LESOTHO’s tourist arrivals surged to 1, 2 million in 2018, recording a 3, 1 percent improvement from 2017, statistics from the Lesotho Tourism Development Corporation (LTDC) have shown.
The revenue accrued from these international tourist arrivals was M488 million, excluding domestic tourist arrivals in the same year. This has resulted in the creation of 2717 jobs.
According to the LTDC, most of the tourists who visited Lesotho came from South Africa, Zimbabwe, Germany, Netherlands and the United States of America.

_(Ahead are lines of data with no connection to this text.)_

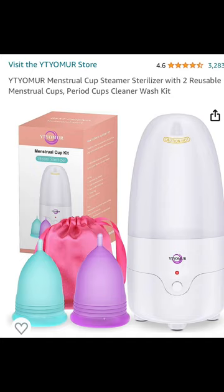Welcome to Testimonial Talks. Today I want to talk to you guys about this little steamer that I got off of Amazon.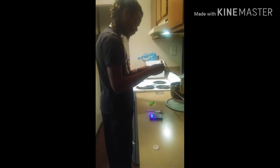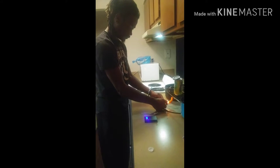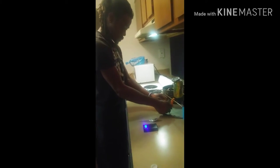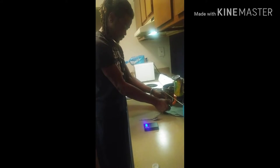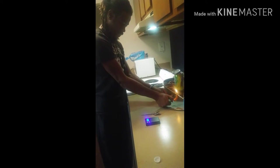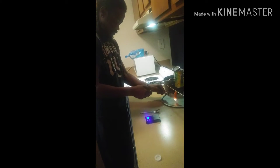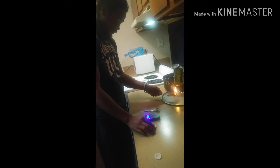Let me go ahead and burn this. That's 1.8. Oh my goodness, this is on fire!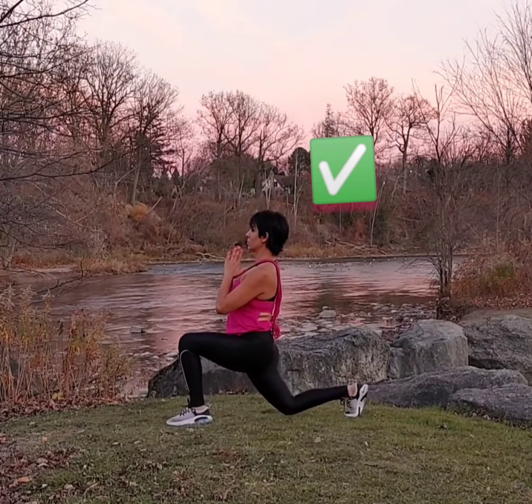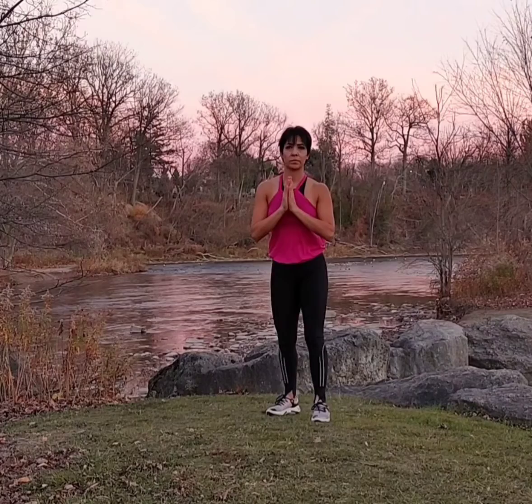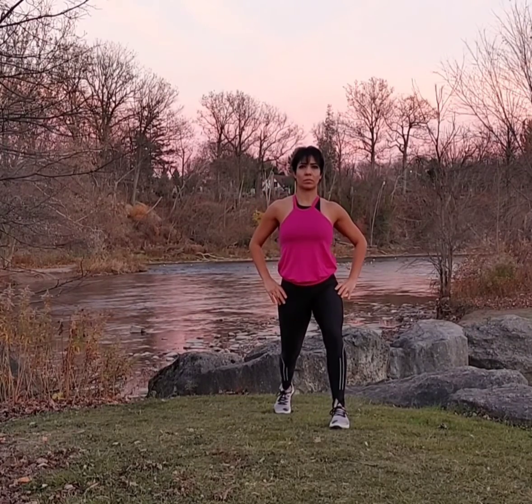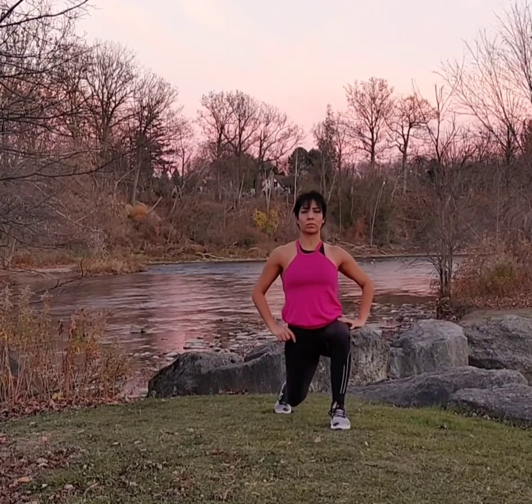Keep pressing through the heels in front of you and square your hips. Notice how the knee of the back leg is pointed toward the floor, while the knee of the front leg is out.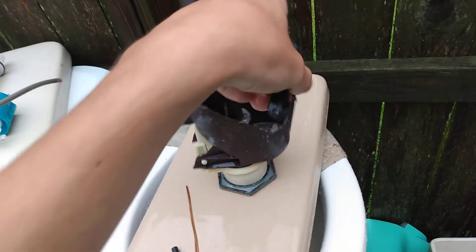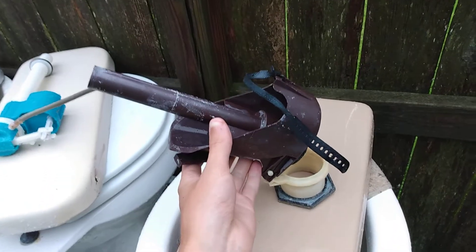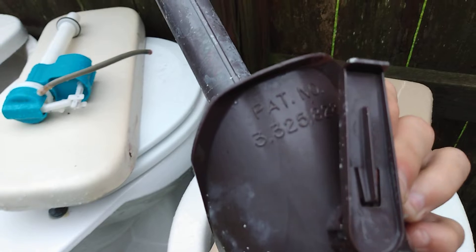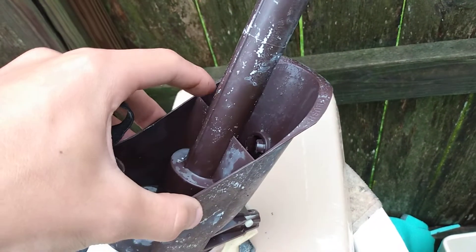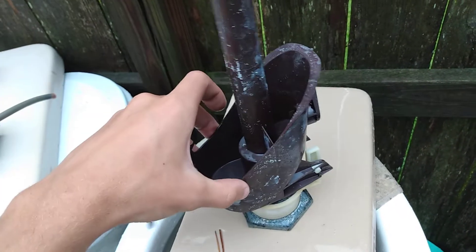So you lift this strap and it basically pulls the whole thing back like this, and there's this little hole in the back here. When you turn this, it controls a shorter flush or a longer flush, because the water builds up in here when it's tilted back, and when it drains out, all the water in this section pulls it back down.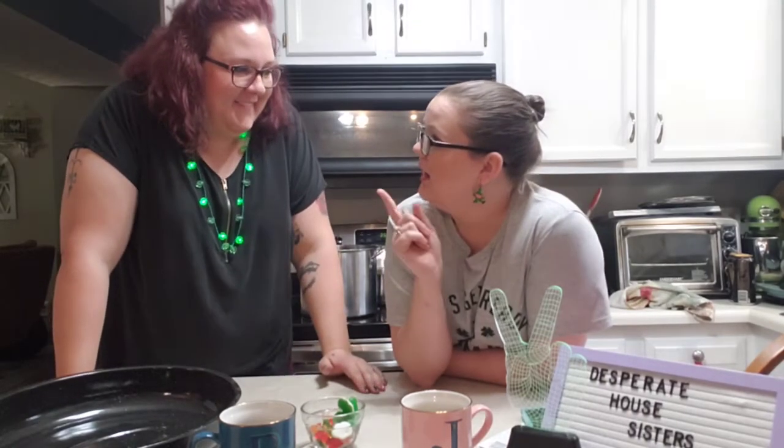Don't forget to like the video, subscribe, hit the bell, follow us on TikTok, follow us on Facebook. Invite everybody, because after 50 subscribers we're going to be doing the drawing. Happy St. Patty's Day!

Although the number of international tourist arrivals slightly dipped to 800 000 in 2019, LTDC has noted the improvement made from 400 000 international arrivals observed in 2011.

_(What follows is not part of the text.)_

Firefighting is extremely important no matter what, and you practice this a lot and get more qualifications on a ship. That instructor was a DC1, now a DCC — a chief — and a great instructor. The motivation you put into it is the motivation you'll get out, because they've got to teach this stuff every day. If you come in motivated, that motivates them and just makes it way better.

LTDC Chief Executive Officer, Mpaiphele Maqutu, this week lauded the figures saying there is significant progress towards the development of the tourism sector.
LTDC is the government’s marketing arm of the country’s tourism sector. Tourism is among the four priority sectors that the government has identified as key towards economic development along with manufacturing, technology and agriculture.
Mr Maqutu said their promotional efforts were bearing fruits as indicated by the statistics.
“We had international tourist arrivals at around 422 000 in 2011, but in 2019 the arrivals have improved to 800 000,” Mr Maqutu said adding: “that is almost double the 2011 figure, which is quite commendable”.
“In 2018 we saw a 3, 1 percent growth in the number of international tourist arrivals from 2017. The actual figure we recorded in 2018 was 1, 2 million international tourist arrivals.
“In general, this is a clear indication that were getting somewhere. We may be having challenges here and there but we are still winning. If we can all hold hands and pull in the same direction, we can achieve more than what we have right now.”
Mr Maqutu also indicated that the performance of the tourism sector depends on many other sectors of society for growth.
He therefore hailed the government’s efforts in deciding to upgrade to bitumen standard the Ha-Marakabei to Monontša and the Ha-Mpiti to Sehlaba-Thebe roads.
“These are milestones which are going to facilitate and unlock tourism potential in these places.
“Sehlaba-Thebe is no longer just a national heritage site, but it has now been declared by the UNESCO as now a world heritage site. This shows that there is some element of appeal that is found at Sehlaba-Thebe,” Mr Maqutu said.